What needs to be done: Quote the entries below from the line with "洗濯機＆乾燥機（アメリカン）" through the line with "Dayısının böbreği ile hayata tutundu", both ends included, and only those lines.

Data excerpts:

= Beginning of Section =

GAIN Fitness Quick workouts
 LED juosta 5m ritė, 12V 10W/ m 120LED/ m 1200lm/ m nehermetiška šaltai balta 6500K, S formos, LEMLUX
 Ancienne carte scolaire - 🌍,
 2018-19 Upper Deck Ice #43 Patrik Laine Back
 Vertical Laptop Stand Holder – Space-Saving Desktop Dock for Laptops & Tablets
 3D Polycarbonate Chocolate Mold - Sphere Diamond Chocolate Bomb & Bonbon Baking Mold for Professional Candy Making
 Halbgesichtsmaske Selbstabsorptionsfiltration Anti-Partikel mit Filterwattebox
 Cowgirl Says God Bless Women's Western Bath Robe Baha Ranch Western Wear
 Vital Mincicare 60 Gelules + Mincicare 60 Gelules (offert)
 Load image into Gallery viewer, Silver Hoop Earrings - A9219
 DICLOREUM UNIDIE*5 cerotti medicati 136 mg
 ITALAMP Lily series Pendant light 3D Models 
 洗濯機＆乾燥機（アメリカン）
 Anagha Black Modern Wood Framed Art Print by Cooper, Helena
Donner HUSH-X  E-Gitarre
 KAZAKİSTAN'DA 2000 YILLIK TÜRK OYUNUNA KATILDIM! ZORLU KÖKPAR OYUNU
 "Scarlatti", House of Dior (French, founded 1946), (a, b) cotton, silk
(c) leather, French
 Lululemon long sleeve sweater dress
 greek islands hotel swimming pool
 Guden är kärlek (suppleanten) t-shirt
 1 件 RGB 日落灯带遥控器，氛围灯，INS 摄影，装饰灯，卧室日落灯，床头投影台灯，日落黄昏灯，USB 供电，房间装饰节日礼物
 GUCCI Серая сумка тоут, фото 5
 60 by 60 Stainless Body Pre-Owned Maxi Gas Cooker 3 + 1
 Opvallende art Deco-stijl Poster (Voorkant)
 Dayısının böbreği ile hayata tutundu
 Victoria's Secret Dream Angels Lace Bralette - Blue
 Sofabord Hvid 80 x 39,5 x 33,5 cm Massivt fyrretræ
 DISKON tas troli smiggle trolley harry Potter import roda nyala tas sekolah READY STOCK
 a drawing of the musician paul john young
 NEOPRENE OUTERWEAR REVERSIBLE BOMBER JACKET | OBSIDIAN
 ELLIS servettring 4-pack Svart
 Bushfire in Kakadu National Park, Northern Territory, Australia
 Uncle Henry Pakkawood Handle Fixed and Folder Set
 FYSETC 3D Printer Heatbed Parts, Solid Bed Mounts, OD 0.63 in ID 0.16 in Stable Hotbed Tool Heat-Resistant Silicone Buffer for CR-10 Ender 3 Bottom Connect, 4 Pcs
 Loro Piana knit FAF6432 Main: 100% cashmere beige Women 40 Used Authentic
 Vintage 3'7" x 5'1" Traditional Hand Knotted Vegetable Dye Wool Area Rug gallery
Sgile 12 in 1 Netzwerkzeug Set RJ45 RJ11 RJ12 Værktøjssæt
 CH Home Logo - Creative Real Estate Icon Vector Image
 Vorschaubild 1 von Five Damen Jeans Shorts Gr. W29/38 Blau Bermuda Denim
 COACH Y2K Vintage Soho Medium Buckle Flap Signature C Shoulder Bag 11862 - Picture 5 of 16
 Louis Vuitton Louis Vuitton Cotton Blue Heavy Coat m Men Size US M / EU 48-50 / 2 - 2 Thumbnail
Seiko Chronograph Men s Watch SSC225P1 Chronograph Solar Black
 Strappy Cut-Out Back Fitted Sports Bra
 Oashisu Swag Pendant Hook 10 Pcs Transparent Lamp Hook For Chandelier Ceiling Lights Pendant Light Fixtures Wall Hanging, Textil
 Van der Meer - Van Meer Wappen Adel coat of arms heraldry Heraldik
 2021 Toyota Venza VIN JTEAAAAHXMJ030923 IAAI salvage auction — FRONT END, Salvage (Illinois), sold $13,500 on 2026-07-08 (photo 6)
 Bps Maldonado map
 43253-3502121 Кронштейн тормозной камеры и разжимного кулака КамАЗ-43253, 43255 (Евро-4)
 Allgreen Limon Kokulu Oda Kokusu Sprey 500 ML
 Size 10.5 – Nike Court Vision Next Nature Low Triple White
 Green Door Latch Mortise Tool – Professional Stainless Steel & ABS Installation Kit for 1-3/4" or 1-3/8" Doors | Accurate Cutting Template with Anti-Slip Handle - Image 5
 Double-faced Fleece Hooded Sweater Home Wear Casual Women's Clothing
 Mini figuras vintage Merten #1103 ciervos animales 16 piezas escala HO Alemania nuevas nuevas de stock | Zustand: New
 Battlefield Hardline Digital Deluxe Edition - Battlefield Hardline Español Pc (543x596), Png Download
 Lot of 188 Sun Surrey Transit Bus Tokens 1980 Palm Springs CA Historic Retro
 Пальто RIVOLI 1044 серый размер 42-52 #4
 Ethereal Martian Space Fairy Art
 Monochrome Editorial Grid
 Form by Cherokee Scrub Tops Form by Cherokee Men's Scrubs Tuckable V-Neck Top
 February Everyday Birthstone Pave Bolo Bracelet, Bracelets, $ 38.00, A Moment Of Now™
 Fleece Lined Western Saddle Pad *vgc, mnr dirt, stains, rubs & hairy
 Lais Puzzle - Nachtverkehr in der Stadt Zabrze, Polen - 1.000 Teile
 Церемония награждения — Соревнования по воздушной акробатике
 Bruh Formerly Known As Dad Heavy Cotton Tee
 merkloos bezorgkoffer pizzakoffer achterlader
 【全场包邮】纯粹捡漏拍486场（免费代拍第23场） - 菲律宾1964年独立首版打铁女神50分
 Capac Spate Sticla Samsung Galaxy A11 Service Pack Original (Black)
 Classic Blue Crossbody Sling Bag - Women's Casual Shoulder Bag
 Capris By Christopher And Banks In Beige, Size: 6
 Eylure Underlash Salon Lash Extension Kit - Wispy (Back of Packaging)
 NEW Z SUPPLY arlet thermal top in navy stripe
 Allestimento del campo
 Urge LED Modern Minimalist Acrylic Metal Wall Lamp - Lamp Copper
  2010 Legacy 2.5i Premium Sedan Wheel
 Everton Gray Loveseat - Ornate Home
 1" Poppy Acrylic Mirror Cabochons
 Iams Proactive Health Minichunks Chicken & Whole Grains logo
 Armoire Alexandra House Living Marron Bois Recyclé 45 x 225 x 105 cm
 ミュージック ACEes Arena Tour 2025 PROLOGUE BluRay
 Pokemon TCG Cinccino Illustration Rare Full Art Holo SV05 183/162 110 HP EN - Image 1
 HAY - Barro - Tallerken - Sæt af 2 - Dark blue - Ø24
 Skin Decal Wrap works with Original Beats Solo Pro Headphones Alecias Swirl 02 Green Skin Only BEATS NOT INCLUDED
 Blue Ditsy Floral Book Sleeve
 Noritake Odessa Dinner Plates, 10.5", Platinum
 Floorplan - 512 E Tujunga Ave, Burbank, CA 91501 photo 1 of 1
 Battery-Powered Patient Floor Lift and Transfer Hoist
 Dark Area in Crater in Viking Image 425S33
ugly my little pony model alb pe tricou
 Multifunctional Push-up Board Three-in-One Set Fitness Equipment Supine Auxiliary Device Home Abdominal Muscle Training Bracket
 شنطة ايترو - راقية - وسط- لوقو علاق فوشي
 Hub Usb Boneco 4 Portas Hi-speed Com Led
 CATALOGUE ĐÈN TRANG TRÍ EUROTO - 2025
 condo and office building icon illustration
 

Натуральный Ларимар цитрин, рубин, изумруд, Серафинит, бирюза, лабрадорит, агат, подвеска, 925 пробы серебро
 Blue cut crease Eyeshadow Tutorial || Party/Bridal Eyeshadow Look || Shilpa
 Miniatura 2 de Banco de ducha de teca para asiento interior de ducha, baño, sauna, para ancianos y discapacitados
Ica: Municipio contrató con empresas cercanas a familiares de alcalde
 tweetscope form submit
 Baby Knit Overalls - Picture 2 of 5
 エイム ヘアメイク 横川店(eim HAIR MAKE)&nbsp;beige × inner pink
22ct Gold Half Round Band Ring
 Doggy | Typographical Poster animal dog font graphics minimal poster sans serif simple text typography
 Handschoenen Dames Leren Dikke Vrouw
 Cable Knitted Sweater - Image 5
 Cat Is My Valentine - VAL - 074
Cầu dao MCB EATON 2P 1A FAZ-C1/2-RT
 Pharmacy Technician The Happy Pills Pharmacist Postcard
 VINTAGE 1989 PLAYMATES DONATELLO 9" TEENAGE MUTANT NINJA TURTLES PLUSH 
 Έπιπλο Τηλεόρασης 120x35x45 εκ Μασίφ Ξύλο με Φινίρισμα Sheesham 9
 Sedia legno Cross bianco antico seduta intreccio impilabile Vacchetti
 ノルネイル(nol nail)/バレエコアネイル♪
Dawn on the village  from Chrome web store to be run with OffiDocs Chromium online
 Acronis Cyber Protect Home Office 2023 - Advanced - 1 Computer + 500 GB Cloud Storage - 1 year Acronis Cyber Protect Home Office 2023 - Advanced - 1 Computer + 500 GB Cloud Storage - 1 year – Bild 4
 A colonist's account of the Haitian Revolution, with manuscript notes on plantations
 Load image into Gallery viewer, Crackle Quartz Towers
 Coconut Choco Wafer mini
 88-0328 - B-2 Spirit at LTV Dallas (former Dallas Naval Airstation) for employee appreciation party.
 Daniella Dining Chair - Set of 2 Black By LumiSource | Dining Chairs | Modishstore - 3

= End of Section =

Result below:
 洗濯機＆乾燥機（アメリカン）
 Anagha Black Modern Wood Framed Art Print by Cooper, Helena
Donner HUSH-X  E-Gitarre
 KAZAKİSTAN'DA 2000 YILLIK TÜRK OYUNUNA KATILDIM! ZORLU KÖKPAR OYUNU
 "Scarlatti", House of Dior (French, founded 1946), (a, b) cotton, silk
(c) leather, French
 Lululemon long sleeve sweater dress
 greek islands hotel swimming pool
 Guden är kärlek (suppleanten) t-shirt
 1 件 RGB 日落灯带遥控器，氛围灯，INS 摄影，装饰灯，卧室日落灯，床头投影台灯，日落黄昏灯，USB 供电，房间装饰节日礼物
 GUCCI Серая сумка тоут, фото 5
 60 by 60 Stainless Body Pre-Owned Maxi Gas Cooker 3 + 1
 Opvallende art Deco-stijl Poster (Voorkant)
 Dayısının böbreği ile hayata tutundu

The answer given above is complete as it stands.